Kent Foster, New Hungarian Foodie

All loaves of bread in Hungary have this paper that is glued or somehow stuck to the crust that never comes off easily. This tasty little loaf was US$.75. "Pentekig" means that is fresh until Friday, two days later.

When the peaches and plums are 168 forint to the kilo (US 35 cents a pound) I’m buying. I also bought sour cherries, but they, like these, were overripe so I quickly sorted the best ones and froze them.

Now that I can cook in a temporary place of my own, I take advantage of the typical Hungarian specialities on offer in the fresh market behind the Mammut shopping mall. I bought duck and goose legs though I’d never cooked either before. It was a challenge (i.e., I almost burned the whole apartment block down), but there’s not much meat on such poultry, plus it’s very fatty.

I have been in consultations with my pro chef friend, Lynn. She is starting a business and this is the beginning of her website. I think I am going to buy some mangalica pork, a startlingly distinctive, uniquely Hungarian pig, something close to a wild boar (Here is a webpage from Japan(!) about it.) It’s supposed to have much leaner meat. I’ll cook that in some fashion and then make a sauce from the pitted sour cherries with wine. Lynn says wine but I don’t have any so rubbing alcohol should do.

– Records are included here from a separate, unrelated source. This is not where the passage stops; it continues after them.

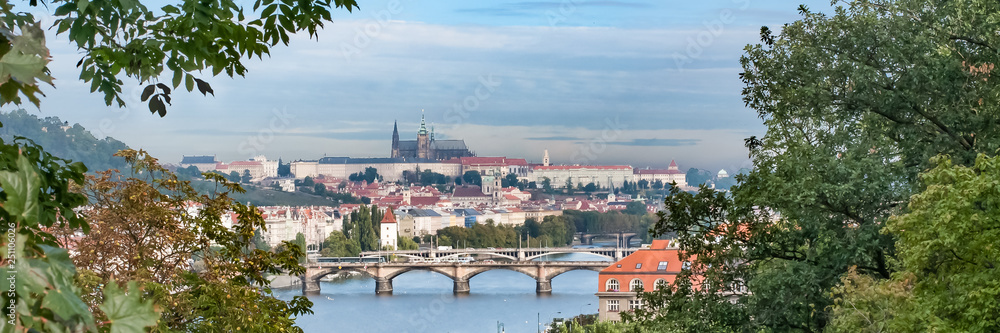 Fototapeta premium View of bridges, river, castle church in Prague, Czech Republic.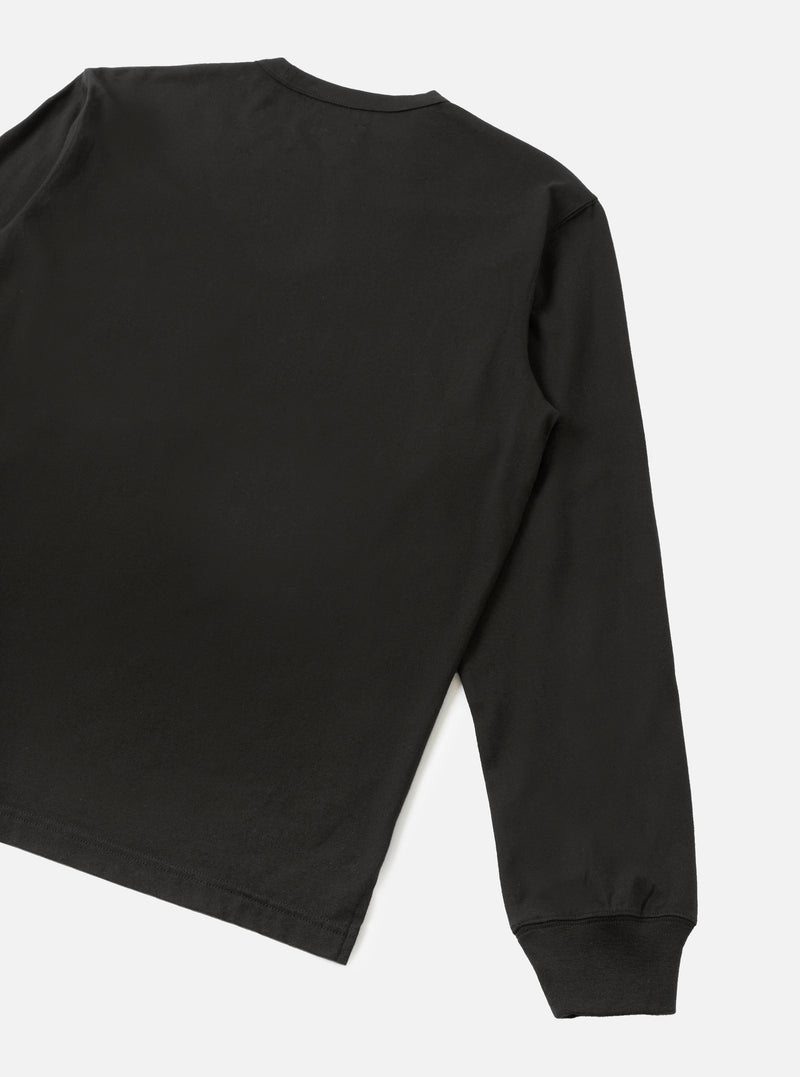 Back detail of a black long-sleeve pocket tee in smooth single jersey cotton. The shot shows the upper back, right shoulder, and full sleeve, cropped at the hem. A ribbed cuff is visible at the wrist. Plain light grey studio backdrop. No model or mannequin present.
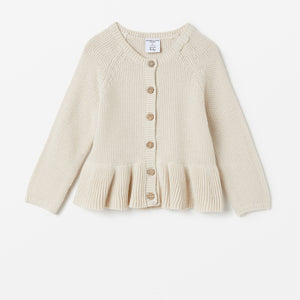 Ruffled White Knitted Baby Cardigan from the Polarn O. Pyret babywear collection. Ethically produced baby clothing.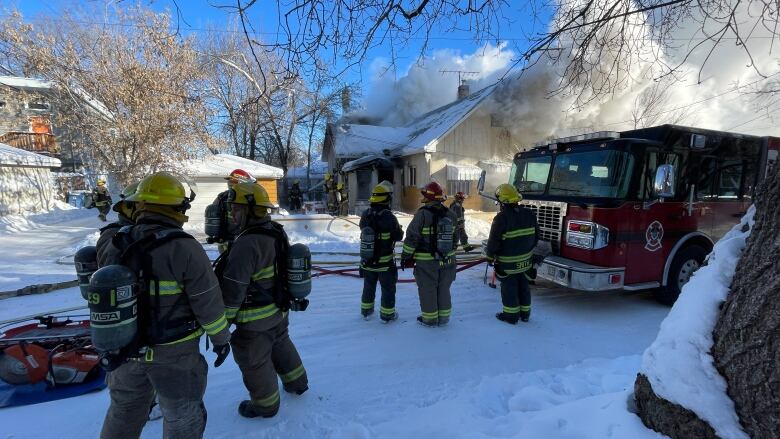 Firefighters stand on a snowy road with a fire truck behind them, and a house with smoke billowing out of it behind that.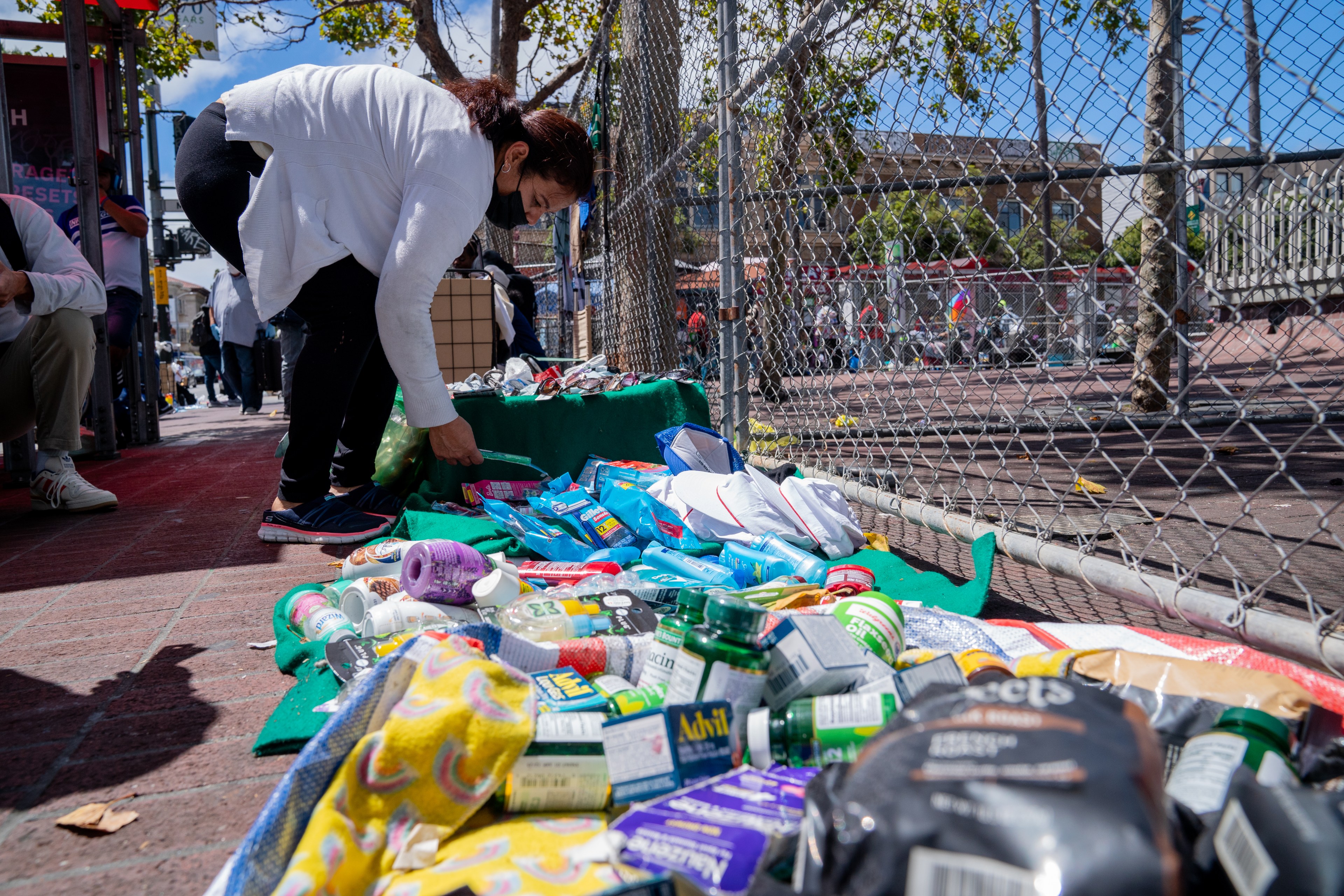 A person is sifting through various items including Advil, coffee, wipes, and laundry detergent along Mission Street in San Francisco, with people walking by in the background.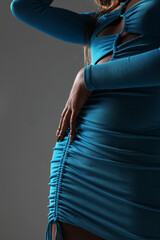 Wall Mural - Cropped shot of female body part in blue dress posing over grey background.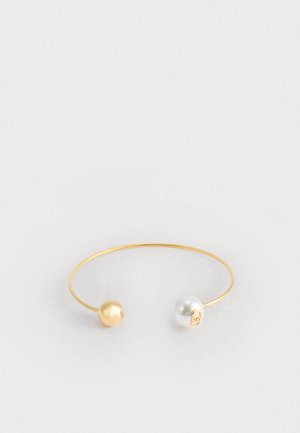 Bransoletka na nadgarstek w złotym kolorze, z złotą i białą perłą na każdym końcu, o gładkim, minimalistycznym designie i okrągłym, otwartym kształcie.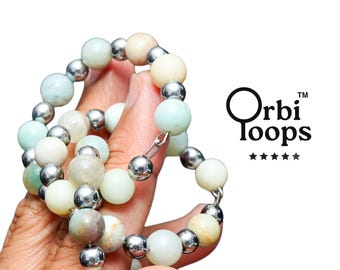 May include: A beaded bracelet featuring alternating round light green, beige, and tan stone beads interspersed with small, reflective silver-toned metal spheres. The text Orbi Loops with five stars is printed in black to the right of the jewelry.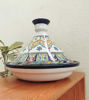 A vibrant, intricately designed Berber tagine and bowl, highlighting the craftsmanship of Moroccan ceramic cooking ware.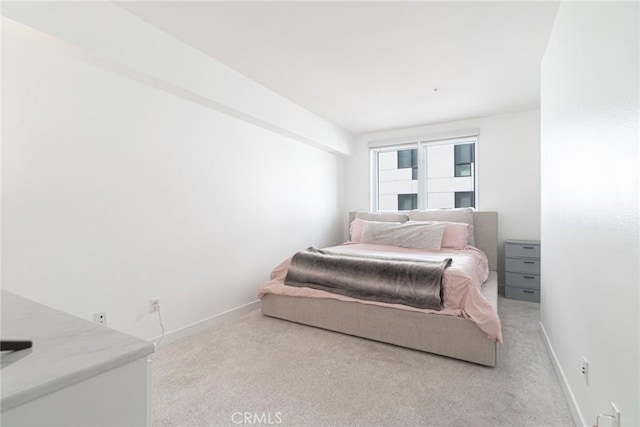 bedroom with light colored carpet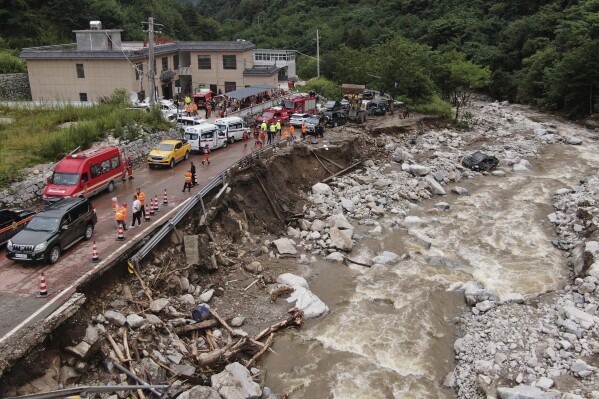 In this photo released by Xinhua News Agency, an aerial photo shows the aftermath of a mudslide in Weiziping village of Luanzhen township on the outskirts of Chang'an district, Xi'an of northwestern China's Shaanxi Province on Saturday Aug. 12, 2023. The mudslide caused by torrential rains killed multiple people on the outskirts of Xi'an in western China, an official news agency said Saturday, while some trains in the northeast were canceled as a powerful storm lashed the region. (Zou Jingyi/Xinhua via AP)
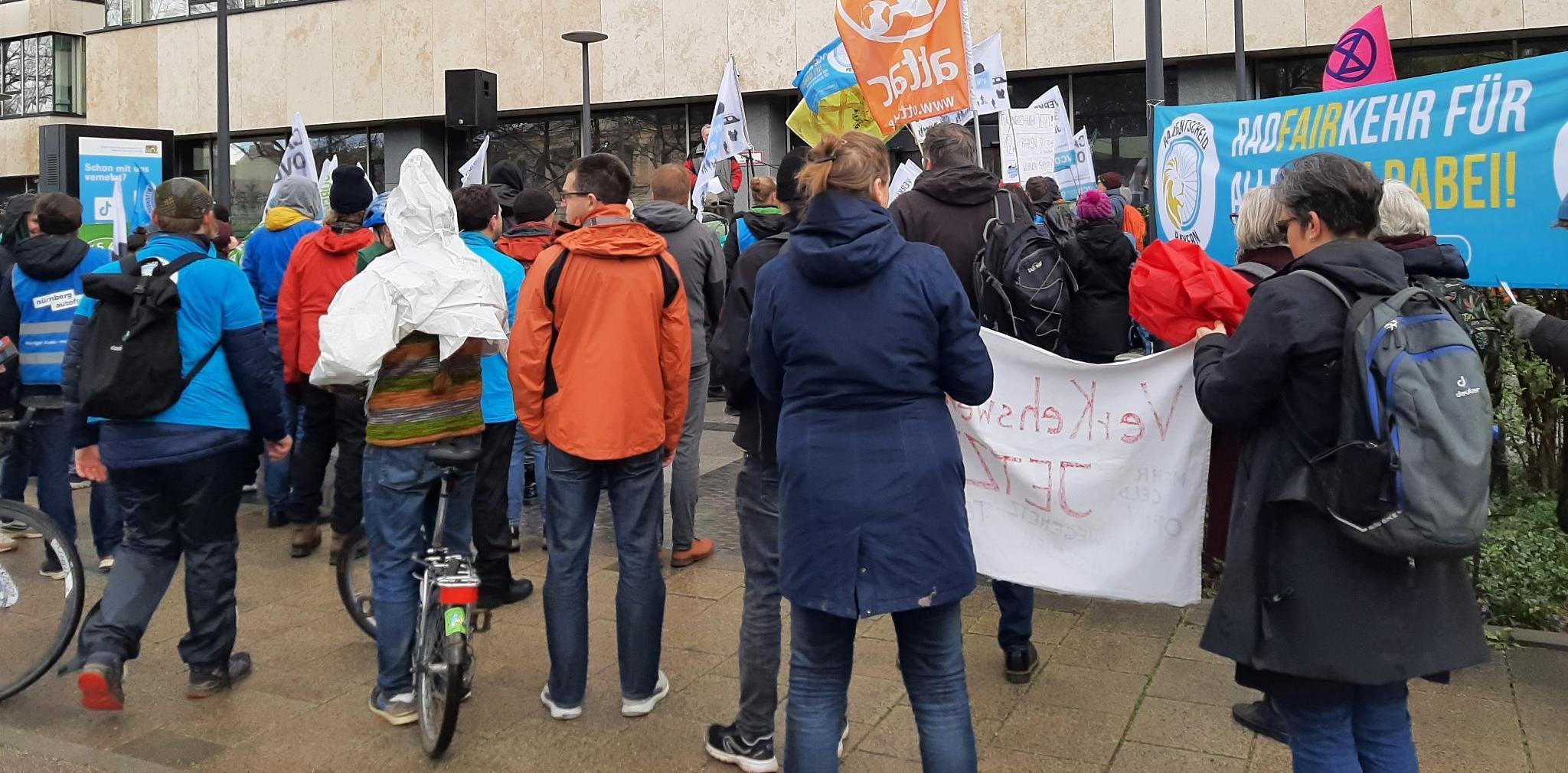 Mehrere Menschen stehen vor einem Podium, welches vor bayerischen Staatsministerium für Wohnen, Bau & Verkehr aufgebaut ist. Es gibt viele Fahnen und Banner, darunter von „Radentscheid Bayern“ und „attac“.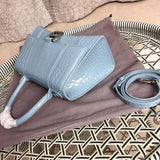 Styled lifestyle shot of polished classic women's handbag – women's luxury accessory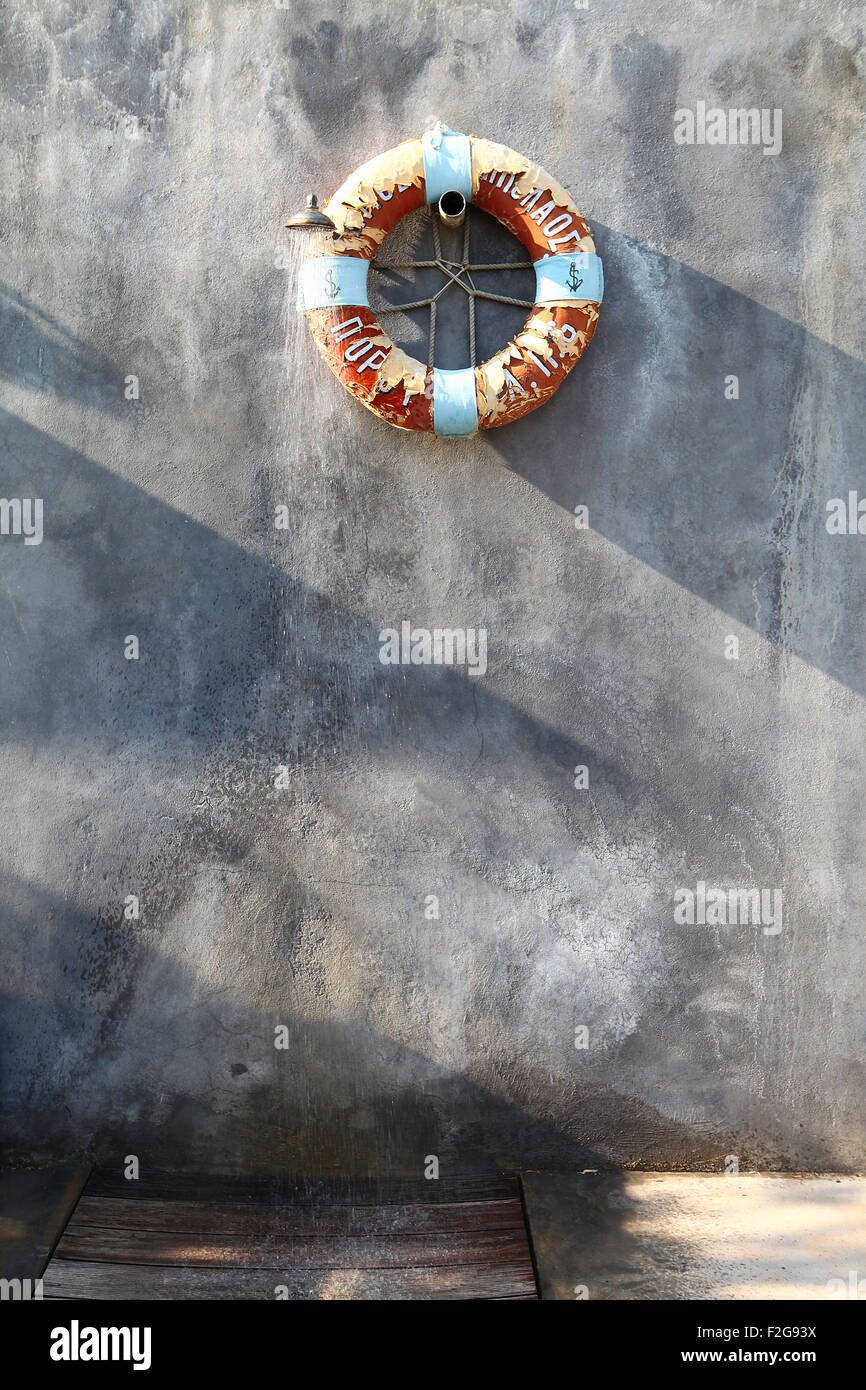 Lifesaver hanging on stone wall Stock Photo Alamy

Hungary is a great pork country. One theory about this is that during the Ottoman occupation, the muslims wanted no part of the Hungarians’ pigs so they were allowed to keep them unmolested and their love for them flourished.
I’m a wee bit miffed at my friends that I had to discover mangalica on my own. It’s going to be fantastic, I’m sure, if I don’t burn down all of Buda first. I might get a little of the smoked stuff, a little sausage, and a cut of some sort to try with the sour cherry sauce. Did I mention I weigh 300kg?

I made a salad—I really did; no one has hijacked my blog—of leaf lettuce, carrots, ewe cheese, diced pork chunks, balsamic vinegar and olive oil. As we say food professionals say, it was delish.

Fried brown rice with carrots, garlic, onions, ginger, horse sausage and smoked pork. I am in a cooking frenzy!